Me paseaba por El Prado sin prestarle ninguna atención a los cuadros, mucho menos a los visitantes. Hacía media hora había salido del Museo Thyssen de hacer exactamente lo mismo. Rellenaba un itinerario que había de contar con cierta dosis de extravagancia y desinterés en la mesa de siempre del Conventillo. Seguramente Ilse estaría haciendo lo propio en la National Gallery, y los otros, más de lo mismo en el Metropolitan, Neue o Alte Pinakoteke y cuanta obligación turístico-intelectual se ponía a tiro de las líneas de metro de Buenos Aires –gracias al inestimable Lefebre, gurú del gusano-. Me planté frente a un Goya a pensar en que nada de eso tenía sentido alguno, que nunca necesitábamos del material insincero de esas incursiones para colmar la mesa del fondo del Conventillo, para imponernos a los posibles silencios que siempre habíamos temido – hablando una noche con un conocido, me soltó que entonces eso no era una amistad, que era una competencia, cosa que negué tajantemente, y que aún sostengo – y que, aunque nos asomáramos a septentrión, jamás llegarían, como los tártaros, que aún lo tienen esperando al pobre Buzzati.
Pero parece que siempre hay que esperar algo – y en mi caso, cuanto más terrible mejor. Por eso yo, ahí, pensando, frente a un Goya donde alguien era devorado. Por eso mismo los sahibs Vitelli y Epstein andan con su bandera a cuestas, Jalil con su búsqueda hiperoxigenada del trazo salvador, de la mezcla acertada de colores; y Alden, June, Ilse y todos y sus cosquillas y sus manías. Úrsula es un caso aparte, o no – soy yo el que la separo del resto, como una frágil manera de reservarla para mí. Y todos, con esta obstinación de subterráneo, de meternos en la dilatación arterial de las ciudades como si explorásemos confines. Y ya casi llego a Atocha – pero lo mío no es espera, es todo lo contrario: retrasar conscientemente aquello que, de alguna manera, sé que llegará – con el firme propósito de bajarme en alguna estación de Moscú para admirar las arañas y acordarme de Úrsula, porque asociando un poco voluntariamente llego a esa noche en que se alejó (o me alejé) a pesar de que los dosmetrosveinticuatro siguen, invariables, atándonos a la porción diaria que convinimos en compartir hasta que…

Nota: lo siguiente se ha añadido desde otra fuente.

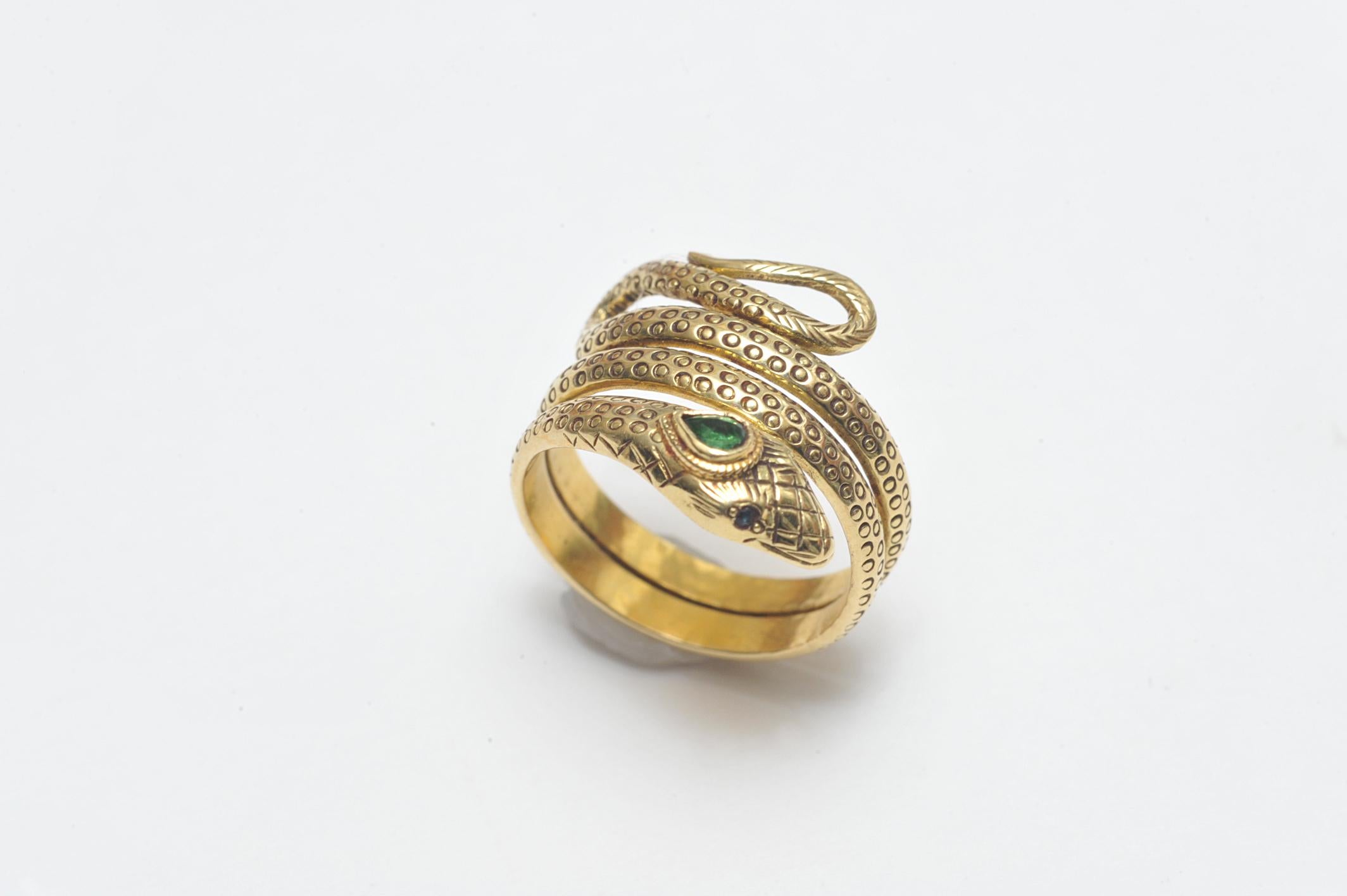 A coiled, 18K gold snake ring with hand-tooled 'scales' along the body and at the head of the snake.  Set with a faceted, pear-shaped emerald third eye and faceted blue sapphire eyes.  A size 7 as it is, but has the capacity to be reshaped.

Estaba con todo este ditirambo en la cabeza, este tachín, tachán; este rataplán, esta corneta, cuando la vi. A Úrsula. Estoy seguro de que era ella. Salía del Reina Sofía. La seguí hasta el Palacio Real. Cuando entró en la Plaza de Oriente la perdí – se interpuso entre nuestro desencuentro un grupo de japoneses y cámaras y risas y mi desesperación que me hizo dar un rodeo innecesario y estúpido. El resto del día estuve vagando por el Botánico, hasta que me harté de esa falsificación de la naturaleza, de ese orden de caminitos y bancos y enfilé por la calle República Árabe Siria, hasta Cabello. No quería ir al Conventillo porque no podía soportar la idea de encontrarla allí – aunque sabía que eso era imposible, que no iba porque en realidad quería estar solo, porque verla allí, en mi territorio, en mi recurso, había trastocado un poco mi estado; además, hubiese sido una estafa escapar otra vez. Por suerte, antes de llegar a Coronel Díaz la vi sentada frente al Hospital Fernández, rodeada de gatos, lejísimo de mí, de Buenos Aires, de ella misma. Fue en ese preciso instante en que en se me enredó en el pelo la idea – seguramente exhalada por algo que estaba a su lado en ese momento, una suerte de guardián, o de energía; la misma idea que yo depositaría en la almohada y que pasaría a mi hemisferio izquierdo, tan irracional, a través del conducto auditivo. Ahí me nació el mariscal. Digo me nació, porque fue algo que creció dentro de mí. Ni siquiera una idea. Fue algo “pustular”. Un forúnculo invisible.